»»

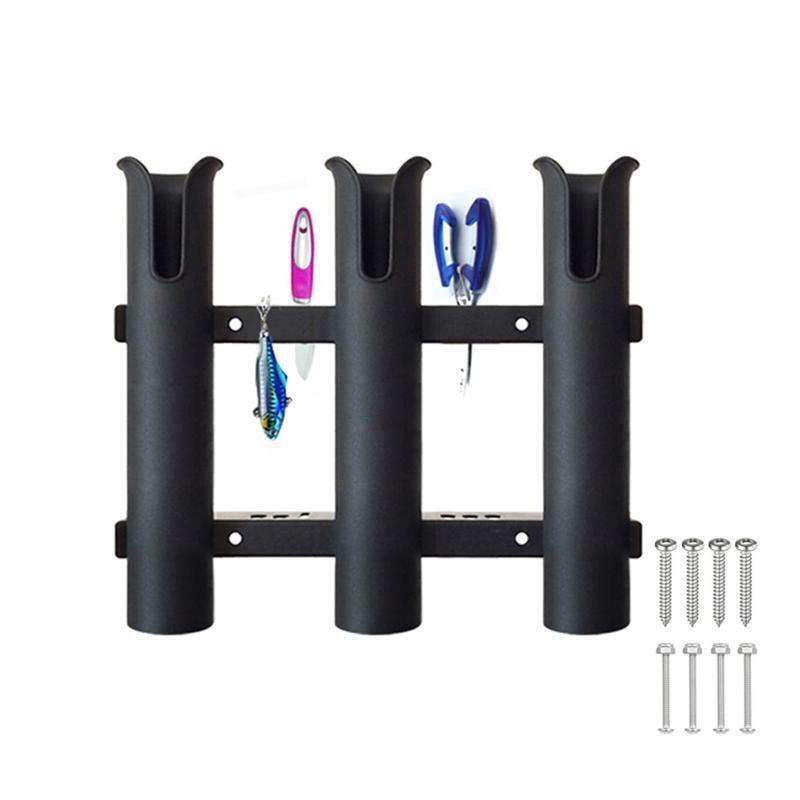Sea Fishing and Trolling/Fishing Rod Holder Rod with Screws,Tube Rod Rack
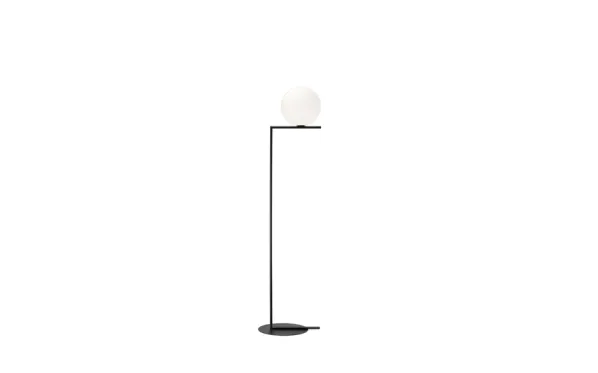 IC Lights F1 Golvlampa Svart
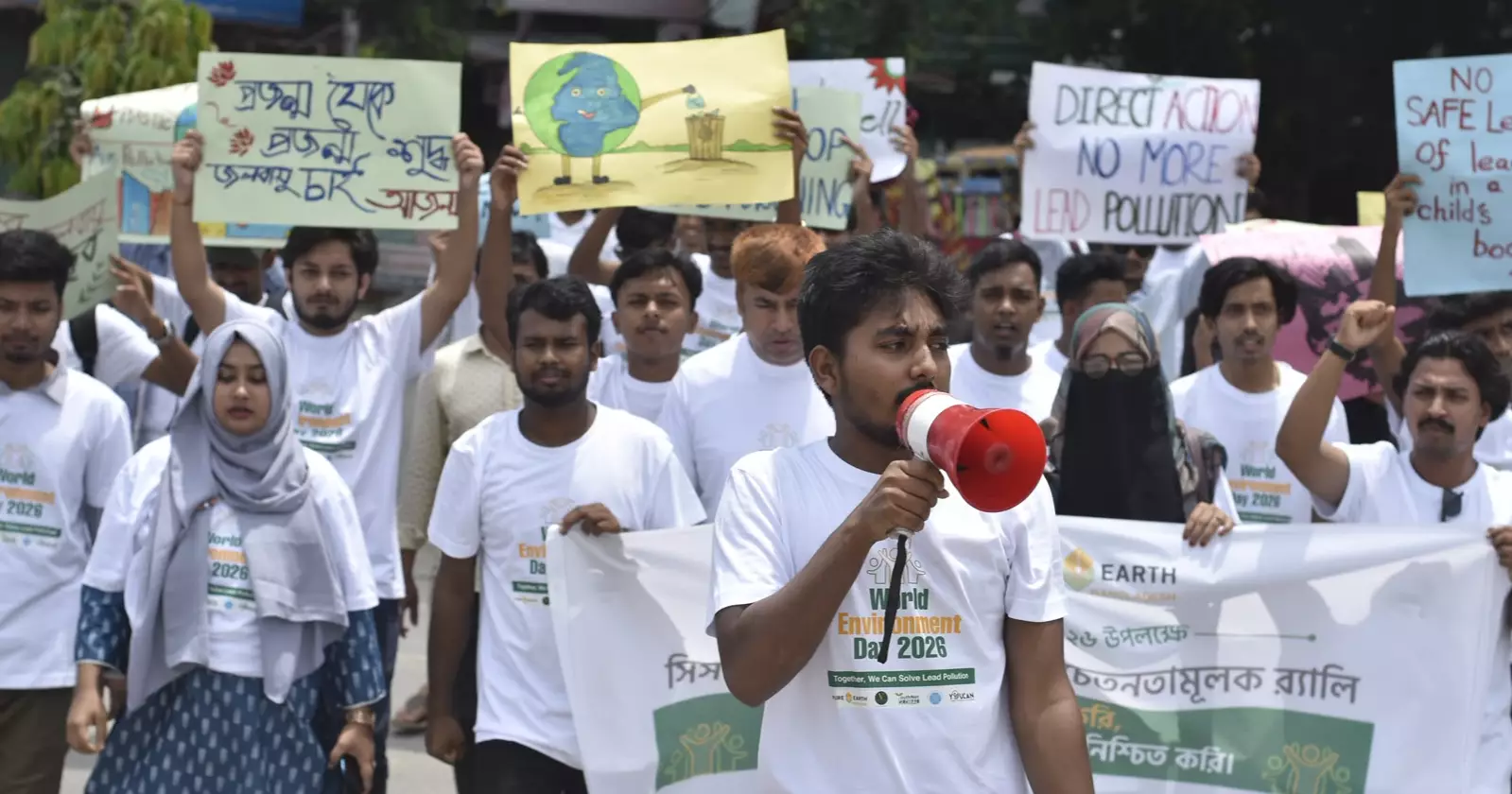 Rangpur youths urge action to protect children from lead exposure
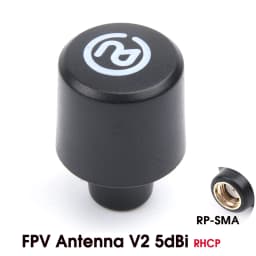 Super Mini Stubby 3.5dBi / Lollipop 2.5dBi / Lollipop 4 2.8dBi 5.8G QAV RHCP RP SMA / SMA Antenna for FPV RC Quadcopter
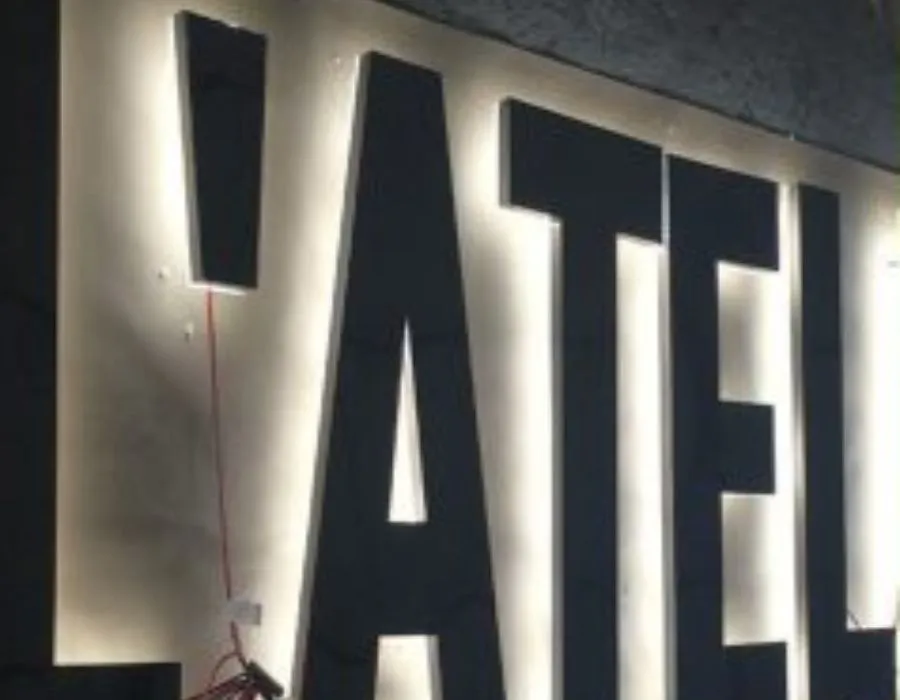 Acrylic Backlit Signage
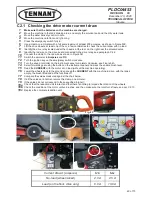 Preview for 46 page of Tennant T390 Technical & Service Manual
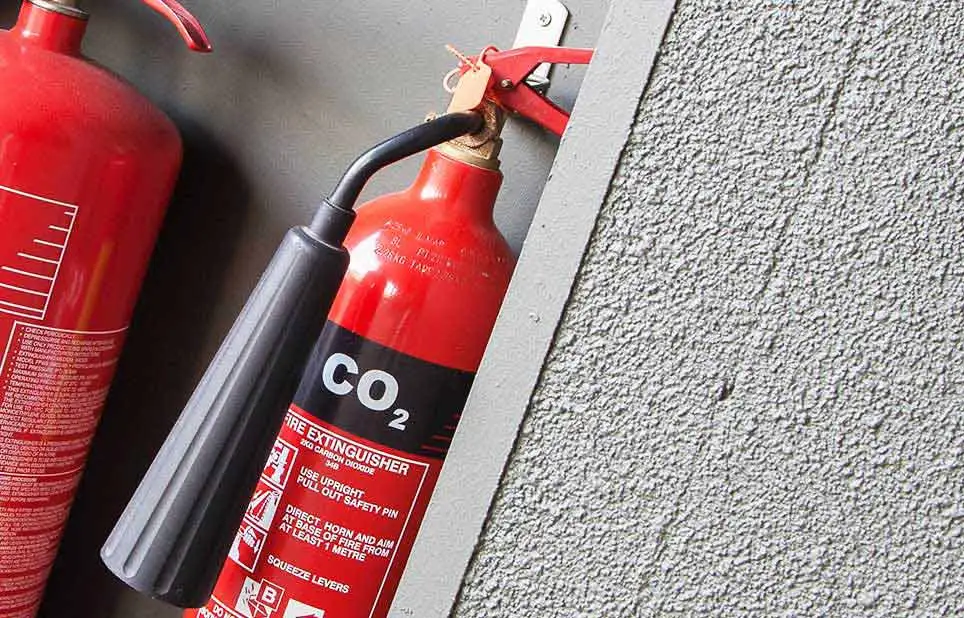 Electrical Fire Extinguisher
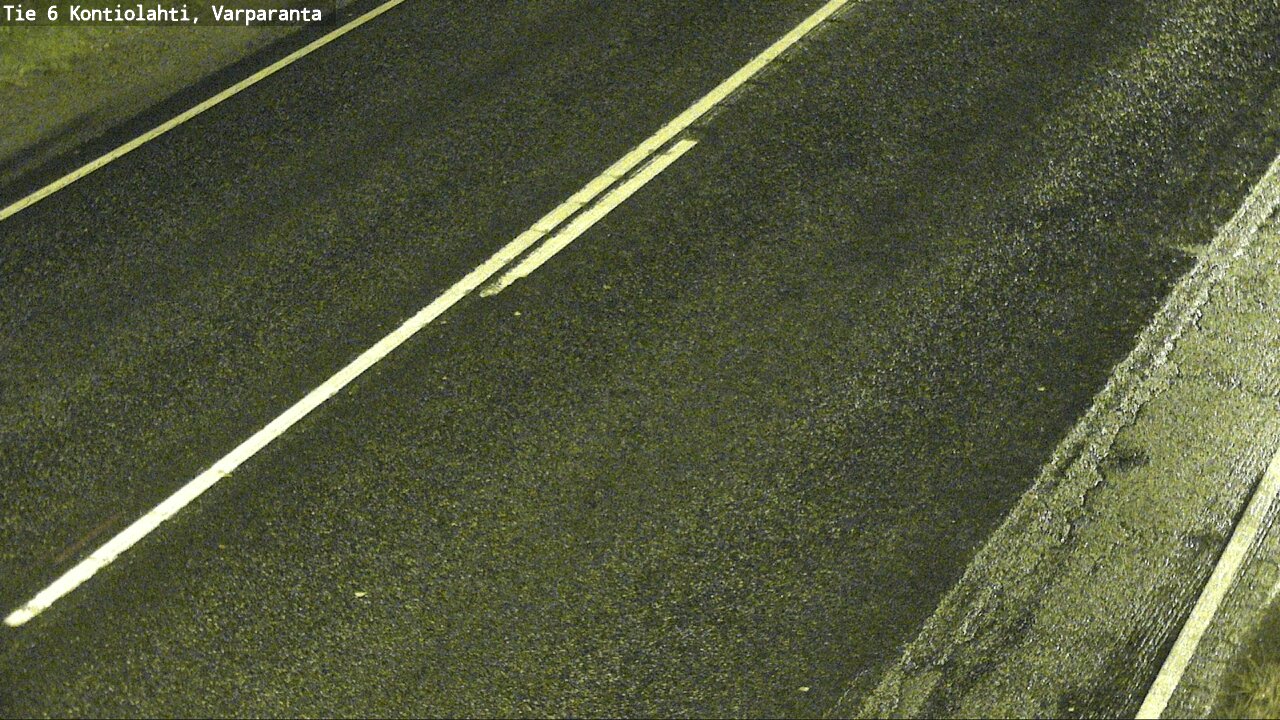 Weather Camera Image Road 6 Kontiolahti, Varparanta, Kontiolahti, Pohjois-Karjala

««

Word for word, print out all of the records above; pass over the pictures.

Sea Fishing and Trolling/Fishing Rod Holder Rod with Screws,Tube Rod Rack
 IC Lights F1 Golvlampa Svart
 Rangpur youths urge action to protect children from lead exposure
 Super Mini Stubby 3.5dBi / Lollipop 2.5dBi / Lollipop 4 2.8dBi 5.8G QAV RHCP RP SMA / SMA Antenna for FPV RC Quadcopter
 Acrylic Backlit Signage
 Preview for 46 page of Tennant T390 Technical & Service Manual
 Electrical Fire Extinguisher
 Weather Camera Image Road 6 Kontiolahti, Varparanta, Kontiolahti, Pohjois-Karjala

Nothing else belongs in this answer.